A UBS bank logo from a branch in Geneva

UBS says it will buy back $19 billion-worth of auction-rate securities from its customers. With billions of losses already on its books, can UBS afford it? Bob Moon reports that maybe they can't afford not to.

A UBS bank logo from a branch in Geneva (Fabrice Coffrini/AFP/Getty Images)

More on International, Europe, America's Financial Crisis

TEXT OF STORY

KAI RYSSDAL: There's nothing like the threat of a potentially embarrassing, dragged-out legal battle to focus the mind. The minds in question today are those of the people running Wall Street's big banks and brokerages. More than a dozen of them are in the crosshairs of federal and state authorities over their sales of something called auction-rate securities. Those bonds have become virtually impossible to sell on the open market.

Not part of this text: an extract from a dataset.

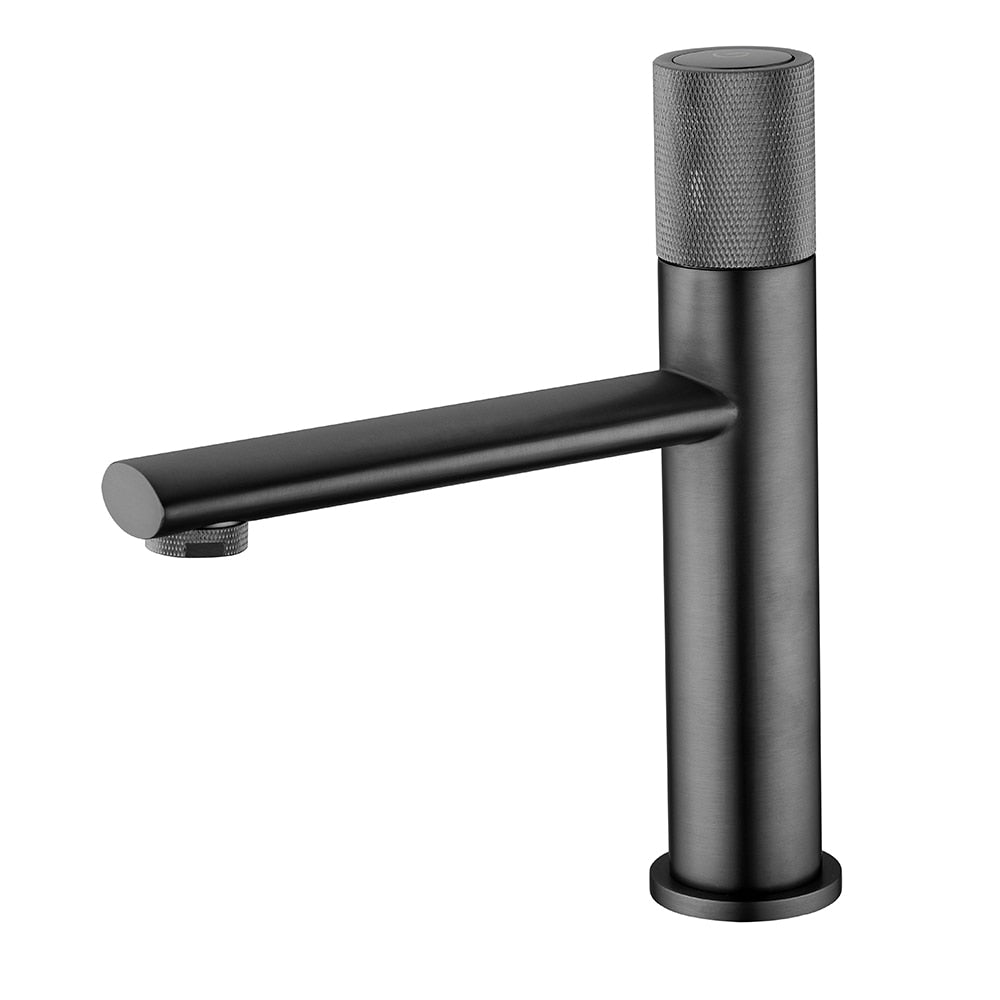 Badezimmer-Mischbatterie, Waschbecken-Hahn, heiß und kalt, Massivmessing-Waschtischarmatur, Rotguss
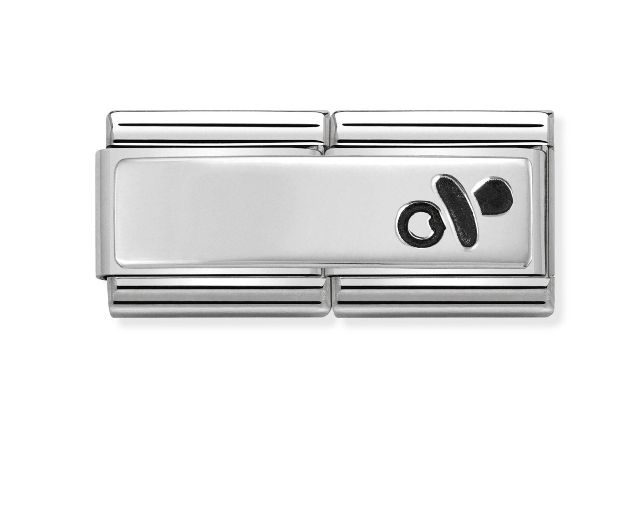Ciuccio composable acciaio e argento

Yesterday we told you Citigroup is going to buy back more than $7 billion-worth of them from its customers. Merrill Lynch followed with a promise to buy back $10 billion. Today there's word UBS will buy back $19 billion worth. With billions of losses already on the books, it's a fair question to ask whether they can really afford to do that. Marketplace's Bob Moon reports maybe they can't afford not to.


BOB MOON: It's not like they're throwing tens of billions of dollars down a rat hole. Duke University securities law professor James Cox says these banks are essentially offering to buy the frozen bonds back until they thaw out.

JAMES COX: They do have value, they just are not as liquid as everybody thought they were going to be. And if you hold them to maturity, you'll reap most of that value.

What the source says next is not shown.